The following morning, Alex takes Jenn off-trail, heading toward a lake he remembers. He sees a bear paw print in the ground and does not alert her. In the evening, Alex inspects his injured foot, and has to pull out a broken toenail before Jenn dresses his wound. The next day, they see a half-eaten deer carcass. When they fail to find the lake, they realize they are lost. Jenn looks for her cell phone, but Alex reveals he left it in the car, not wanting her to be distracted and reasoning that there isn't any reception in the area. Jenn berates Alex for his need to show off, pointing out that it's her first camping trip and he took her too far into the woods. When she asks why they even came in the first place, Alex reveals he was planning to propose.

Jenn later apologizes to Alex for insulting him, and they make camp. They wake up to find their food has been eaten by a bear, but Alex insists it was a raccoon. When they come across a bear bed, they walk as far from it as they can before dark. The couple reconciles after Alex finally apologizes for their situation being his fault. The next morning, Alex sees a bear outside the tent. He and Jenn try to stay quiet, but it claws through the tent, injuring Jenn's arm and biting Alex's leg. She drives it back with bear spray, but watches in horror as the bear returns and drags Alex from the tent, mauling him to death. Jenn flees with only the engagement ring and a road flare. She falls down an incline, and is briefly knocked unconscious when her head hits a rock.

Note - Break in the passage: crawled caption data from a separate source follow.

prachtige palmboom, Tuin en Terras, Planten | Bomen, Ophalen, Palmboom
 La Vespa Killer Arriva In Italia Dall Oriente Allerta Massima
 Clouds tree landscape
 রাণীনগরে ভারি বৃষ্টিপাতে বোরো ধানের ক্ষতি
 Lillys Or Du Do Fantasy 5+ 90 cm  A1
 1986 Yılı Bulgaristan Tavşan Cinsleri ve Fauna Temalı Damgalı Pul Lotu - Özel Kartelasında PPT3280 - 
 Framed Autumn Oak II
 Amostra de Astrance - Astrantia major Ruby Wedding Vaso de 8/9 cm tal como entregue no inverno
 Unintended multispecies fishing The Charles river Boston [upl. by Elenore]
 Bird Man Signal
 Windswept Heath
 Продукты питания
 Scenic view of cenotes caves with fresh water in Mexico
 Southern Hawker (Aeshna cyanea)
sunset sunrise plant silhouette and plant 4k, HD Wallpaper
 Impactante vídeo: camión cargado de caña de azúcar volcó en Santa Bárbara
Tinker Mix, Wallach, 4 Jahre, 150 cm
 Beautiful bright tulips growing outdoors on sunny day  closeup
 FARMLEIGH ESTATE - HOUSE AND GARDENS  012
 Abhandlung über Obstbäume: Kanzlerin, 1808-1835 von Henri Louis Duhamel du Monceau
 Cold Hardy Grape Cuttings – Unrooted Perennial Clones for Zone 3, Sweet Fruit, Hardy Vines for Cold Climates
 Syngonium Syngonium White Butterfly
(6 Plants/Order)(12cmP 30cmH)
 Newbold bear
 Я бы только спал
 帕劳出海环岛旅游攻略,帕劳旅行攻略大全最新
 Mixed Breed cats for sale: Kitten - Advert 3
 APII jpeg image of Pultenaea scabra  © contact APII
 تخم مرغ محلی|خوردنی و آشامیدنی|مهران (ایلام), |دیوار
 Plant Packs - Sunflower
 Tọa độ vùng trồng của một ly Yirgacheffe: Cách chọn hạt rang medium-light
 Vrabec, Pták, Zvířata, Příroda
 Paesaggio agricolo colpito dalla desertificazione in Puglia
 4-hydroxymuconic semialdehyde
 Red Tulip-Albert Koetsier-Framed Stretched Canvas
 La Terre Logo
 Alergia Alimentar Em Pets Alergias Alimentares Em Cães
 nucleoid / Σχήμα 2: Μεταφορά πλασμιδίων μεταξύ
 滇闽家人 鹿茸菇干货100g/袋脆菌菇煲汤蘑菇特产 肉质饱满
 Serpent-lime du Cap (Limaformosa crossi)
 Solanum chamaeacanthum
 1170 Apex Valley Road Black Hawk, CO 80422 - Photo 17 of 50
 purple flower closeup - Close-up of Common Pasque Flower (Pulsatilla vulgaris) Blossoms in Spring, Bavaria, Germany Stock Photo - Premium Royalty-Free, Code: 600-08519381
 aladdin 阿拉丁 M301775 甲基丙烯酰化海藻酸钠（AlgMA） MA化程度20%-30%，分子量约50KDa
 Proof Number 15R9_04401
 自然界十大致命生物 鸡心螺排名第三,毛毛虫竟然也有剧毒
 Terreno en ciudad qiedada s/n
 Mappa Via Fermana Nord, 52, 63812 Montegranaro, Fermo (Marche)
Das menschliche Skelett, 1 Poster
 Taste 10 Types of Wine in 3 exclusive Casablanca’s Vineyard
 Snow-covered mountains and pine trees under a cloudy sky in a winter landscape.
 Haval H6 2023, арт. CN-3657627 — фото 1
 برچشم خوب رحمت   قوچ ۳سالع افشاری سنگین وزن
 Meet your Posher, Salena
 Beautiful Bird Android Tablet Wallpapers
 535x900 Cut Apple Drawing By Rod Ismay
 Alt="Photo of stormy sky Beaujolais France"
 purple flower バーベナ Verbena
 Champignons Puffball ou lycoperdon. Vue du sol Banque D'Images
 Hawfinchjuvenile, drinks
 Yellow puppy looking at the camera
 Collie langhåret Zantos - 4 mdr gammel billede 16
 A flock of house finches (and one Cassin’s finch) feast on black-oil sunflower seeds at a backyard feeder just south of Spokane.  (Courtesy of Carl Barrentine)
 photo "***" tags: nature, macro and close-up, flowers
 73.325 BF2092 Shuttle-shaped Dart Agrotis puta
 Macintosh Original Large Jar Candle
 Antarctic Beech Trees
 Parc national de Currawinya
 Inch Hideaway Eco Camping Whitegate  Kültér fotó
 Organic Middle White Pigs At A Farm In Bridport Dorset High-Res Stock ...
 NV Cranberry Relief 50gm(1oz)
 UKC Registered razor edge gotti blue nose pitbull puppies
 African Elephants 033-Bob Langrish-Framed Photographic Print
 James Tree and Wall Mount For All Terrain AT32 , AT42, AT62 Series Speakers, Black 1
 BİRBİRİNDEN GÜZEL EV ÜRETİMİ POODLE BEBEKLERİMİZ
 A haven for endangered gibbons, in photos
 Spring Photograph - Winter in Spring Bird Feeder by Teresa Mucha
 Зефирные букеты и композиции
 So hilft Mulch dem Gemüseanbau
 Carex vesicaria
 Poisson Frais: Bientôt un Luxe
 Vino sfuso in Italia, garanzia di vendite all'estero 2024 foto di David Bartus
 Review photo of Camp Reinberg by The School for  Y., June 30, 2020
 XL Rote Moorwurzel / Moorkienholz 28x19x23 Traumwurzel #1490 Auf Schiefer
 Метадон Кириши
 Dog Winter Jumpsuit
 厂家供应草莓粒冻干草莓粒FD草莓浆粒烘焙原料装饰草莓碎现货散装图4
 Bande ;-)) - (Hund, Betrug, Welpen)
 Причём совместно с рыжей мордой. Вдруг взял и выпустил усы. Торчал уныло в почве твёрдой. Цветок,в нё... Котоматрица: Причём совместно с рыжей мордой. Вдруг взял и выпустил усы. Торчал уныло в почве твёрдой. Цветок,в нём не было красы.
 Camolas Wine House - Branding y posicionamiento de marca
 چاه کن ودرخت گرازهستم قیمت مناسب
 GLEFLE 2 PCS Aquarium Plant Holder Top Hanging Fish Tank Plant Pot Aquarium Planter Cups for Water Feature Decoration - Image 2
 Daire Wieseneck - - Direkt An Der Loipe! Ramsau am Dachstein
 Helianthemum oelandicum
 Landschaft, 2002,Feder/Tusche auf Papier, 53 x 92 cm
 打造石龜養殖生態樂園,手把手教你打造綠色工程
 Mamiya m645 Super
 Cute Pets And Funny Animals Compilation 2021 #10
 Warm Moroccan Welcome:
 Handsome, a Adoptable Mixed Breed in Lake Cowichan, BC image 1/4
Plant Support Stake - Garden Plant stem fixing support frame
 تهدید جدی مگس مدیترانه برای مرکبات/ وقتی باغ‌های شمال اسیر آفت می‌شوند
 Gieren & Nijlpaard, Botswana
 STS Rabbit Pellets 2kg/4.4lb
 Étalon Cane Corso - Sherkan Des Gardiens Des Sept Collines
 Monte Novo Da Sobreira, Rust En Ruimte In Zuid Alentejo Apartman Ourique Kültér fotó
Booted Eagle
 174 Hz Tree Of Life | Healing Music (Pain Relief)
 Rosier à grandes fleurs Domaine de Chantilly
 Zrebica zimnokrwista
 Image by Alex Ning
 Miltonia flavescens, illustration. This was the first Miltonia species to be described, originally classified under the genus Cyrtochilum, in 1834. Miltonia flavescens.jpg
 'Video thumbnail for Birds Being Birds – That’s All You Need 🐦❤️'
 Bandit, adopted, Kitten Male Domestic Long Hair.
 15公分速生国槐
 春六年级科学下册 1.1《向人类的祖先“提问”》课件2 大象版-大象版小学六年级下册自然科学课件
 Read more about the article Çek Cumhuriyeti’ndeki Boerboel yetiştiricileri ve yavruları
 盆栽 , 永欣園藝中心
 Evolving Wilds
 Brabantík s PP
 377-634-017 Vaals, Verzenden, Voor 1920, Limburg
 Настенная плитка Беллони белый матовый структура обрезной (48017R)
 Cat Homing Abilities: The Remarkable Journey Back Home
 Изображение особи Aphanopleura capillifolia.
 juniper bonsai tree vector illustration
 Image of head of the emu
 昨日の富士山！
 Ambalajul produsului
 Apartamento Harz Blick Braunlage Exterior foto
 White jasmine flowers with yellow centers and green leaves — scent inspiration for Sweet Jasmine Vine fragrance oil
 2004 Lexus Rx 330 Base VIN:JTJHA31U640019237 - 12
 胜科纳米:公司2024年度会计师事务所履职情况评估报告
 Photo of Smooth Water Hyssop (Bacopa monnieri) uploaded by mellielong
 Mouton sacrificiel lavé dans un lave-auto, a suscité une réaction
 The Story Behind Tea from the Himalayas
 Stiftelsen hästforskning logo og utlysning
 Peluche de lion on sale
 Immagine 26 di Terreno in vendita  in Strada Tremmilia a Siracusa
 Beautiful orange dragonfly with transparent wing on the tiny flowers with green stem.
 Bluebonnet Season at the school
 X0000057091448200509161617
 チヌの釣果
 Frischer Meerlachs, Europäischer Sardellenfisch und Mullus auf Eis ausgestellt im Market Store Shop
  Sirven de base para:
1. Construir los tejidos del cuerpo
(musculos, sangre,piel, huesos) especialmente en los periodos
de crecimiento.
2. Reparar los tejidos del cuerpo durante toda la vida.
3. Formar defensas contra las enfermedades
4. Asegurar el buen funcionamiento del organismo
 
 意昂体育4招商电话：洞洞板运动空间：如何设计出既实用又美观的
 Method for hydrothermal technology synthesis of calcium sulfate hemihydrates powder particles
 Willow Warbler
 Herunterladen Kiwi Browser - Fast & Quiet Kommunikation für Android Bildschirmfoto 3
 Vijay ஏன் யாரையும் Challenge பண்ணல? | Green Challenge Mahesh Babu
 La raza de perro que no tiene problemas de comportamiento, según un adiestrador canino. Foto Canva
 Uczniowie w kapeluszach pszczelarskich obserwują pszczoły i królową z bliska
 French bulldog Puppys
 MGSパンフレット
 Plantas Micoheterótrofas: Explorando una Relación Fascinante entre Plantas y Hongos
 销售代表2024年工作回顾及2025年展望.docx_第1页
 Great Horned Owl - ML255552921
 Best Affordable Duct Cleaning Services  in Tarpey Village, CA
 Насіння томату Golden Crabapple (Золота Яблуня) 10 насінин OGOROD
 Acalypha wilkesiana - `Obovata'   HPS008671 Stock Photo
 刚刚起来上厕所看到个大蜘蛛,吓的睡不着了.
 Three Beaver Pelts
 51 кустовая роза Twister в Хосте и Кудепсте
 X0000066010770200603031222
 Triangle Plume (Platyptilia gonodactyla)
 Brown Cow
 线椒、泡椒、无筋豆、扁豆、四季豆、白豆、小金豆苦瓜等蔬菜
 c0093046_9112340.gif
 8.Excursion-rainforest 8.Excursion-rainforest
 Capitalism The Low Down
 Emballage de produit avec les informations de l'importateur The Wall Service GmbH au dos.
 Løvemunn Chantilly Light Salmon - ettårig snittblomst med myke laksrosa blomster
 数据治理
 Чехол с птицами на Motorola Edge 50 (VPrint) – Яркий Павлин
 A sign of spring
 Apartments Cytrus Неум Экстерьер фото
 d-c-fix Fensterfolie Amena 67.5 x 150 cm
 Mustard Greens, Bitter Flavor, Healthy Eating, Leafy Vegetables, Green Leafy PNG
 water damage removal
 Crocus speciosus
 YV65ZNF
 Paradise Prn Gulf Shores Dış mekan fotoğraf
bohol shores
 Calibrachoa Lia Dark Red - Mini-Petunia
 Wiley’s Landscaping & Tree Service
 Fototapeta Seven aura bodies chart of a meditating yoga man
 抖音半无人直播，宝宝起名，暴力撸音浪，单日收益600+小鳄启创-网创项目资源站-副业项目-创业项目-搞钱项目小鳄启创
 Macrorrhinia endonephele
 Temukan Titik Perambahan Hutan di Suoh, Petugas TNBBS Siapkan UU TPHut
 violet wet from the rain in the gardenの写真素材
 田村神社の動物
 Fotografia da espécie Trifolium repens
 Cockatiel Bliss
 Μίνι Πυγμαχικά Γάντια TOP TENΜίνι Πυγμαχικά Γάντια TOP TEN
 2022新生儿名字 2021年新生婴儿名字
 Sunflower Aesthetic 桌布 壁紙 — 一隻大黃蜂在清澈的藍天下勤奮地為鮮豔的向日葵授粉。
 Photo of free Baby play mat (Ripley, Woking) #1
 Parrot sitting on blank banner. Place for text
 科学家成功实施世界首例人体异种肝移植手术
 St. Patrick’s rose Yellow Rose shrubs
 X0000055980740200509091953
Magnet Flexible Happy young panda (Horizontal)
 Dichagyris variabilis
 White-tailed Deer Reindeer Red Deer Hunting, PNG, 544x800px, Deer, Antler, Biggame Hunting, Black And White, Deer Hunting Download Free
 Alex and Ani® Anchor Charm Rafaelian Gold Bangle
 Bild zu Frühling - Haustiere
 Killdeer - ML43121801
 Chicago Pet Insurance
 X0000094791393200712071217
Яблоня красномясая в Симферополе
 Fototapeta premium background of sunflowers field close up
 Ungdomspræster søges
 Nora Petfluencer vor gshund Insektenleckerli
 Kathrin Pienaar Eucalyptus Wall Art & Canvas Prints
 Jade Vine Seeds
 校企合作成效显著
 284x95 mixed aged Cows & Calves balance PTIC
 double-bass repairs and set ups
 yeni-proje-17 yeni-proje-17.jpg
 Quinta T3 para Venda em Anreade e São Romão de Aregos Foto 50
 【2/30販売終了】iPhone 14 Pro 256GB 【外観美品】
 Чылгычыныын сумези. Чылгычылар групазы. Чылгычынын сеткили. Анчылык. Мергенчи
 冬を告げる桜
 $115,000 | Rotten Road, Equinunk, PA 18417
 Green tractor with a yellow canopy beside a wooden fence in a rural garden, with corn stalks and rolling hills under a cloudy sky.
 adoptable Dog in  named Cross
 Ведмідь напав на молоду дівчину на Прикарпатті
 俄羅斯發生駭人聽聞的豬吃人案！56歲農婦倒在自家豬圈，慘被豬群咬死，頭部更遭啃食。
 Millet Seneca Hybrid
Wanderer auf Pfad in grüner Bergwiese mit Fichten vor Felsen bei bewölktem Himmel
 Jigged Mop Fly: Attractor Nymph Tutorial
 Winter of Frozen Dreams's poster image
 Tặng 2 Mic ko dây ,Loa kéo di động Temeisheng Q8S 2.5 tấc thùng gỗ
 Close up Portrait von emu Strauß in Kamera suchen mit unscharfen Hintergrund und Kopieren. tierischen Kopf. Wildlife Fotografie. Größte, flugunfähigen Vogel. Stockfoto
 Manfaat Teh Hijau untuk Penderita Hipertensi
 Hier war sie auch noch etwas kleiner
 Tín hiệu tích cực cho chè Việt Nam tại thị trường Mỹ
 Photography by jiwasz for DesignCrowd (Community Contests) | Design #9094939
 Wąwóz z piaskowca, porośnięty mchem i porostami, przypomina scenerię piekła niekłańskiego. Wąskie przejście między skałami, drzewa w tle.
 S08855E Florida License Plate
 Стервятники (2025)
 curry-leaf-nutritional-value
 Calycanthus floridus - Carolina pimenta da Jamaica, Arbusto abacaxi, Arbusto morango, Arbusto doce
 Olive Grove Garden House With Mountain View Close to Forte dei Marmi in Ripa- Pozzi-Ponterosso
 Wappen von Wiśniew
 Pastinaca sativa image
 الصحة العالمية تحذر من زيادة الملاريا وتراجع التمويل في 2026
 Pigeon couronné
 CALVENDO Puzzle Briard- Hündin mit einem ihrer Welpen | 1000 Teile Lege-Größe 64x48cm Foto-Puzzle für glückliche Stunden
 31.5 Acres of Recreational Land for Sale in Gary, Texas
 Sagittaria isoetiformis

After recovering, Jenn continues through the woods, then climbs a tree to sleep. Later, a passing helicopter wakes her. Jenn finds a stream, where she drinks, cleans out her wound, and applies a makeshift tourniquet. While trying to forage for food, she encounters another bear, which pursues her toward a waterfall. Jenn escapes by climbing down the wet rock face, but slips and breaks her ankle. She painfully splints the injury, using a branch as a crutch and the flare to continue moving after dark. Eventually, she passes out from exhaustion. Jenn awakens and sees a caribou. Attempting to follow it, she comes upon the lake shore and a park-provided canoe. Jenn paddles back to the park entrance and collapses. Brad is alerted by a member of the tour group he's preparing to lead, and rushes to help her.

==Cast==
- Missy Peregrym as Jenn
- Jeff Roop as Alex Louis
- Eric Balfour as Brad
- Nicholas Campbell as The Ranger
- Chester and Charlie as The Bear

==Production==

Backcountry is loosely based on the true story of a hungry man-eating black bear that attacked Mark Jordan and Jacqueline Perry in the back country of Missinaibi Lake Provincial Park, North of Chapleau, Ontario in 2005, events for which Mark later received the Star of Courage award from Governor General Michaëlle Jean.

Production took place from October through November 2013. The film was shot in Powassan, Ontario and Caddy Lake, Manitoba and was funded by Telefilm Canada and Northern Ontario Heritage Fund.

==Release==
The film premiered at the Toronto International Film Festival on September 8, 2014.

==Reception==
On review aggregator Rotten Tomatoes, Backcountry holds an approval rating of 92%, based on 50 reviews, and an average rating of 7/10. Its consensus reads, "Tense, well-acted, and at once atmospheric as well as brutally impactful, Backcountry marks a memorably assured debut from writer-director Adam MacDonald." On Metacritic, the film has a weighted average score of 62 out of 100, based on 5 critics, indicating "generally positive reviews".

Although not a box office success, Backcountry has gone on to gain popularity via streaming and the internet.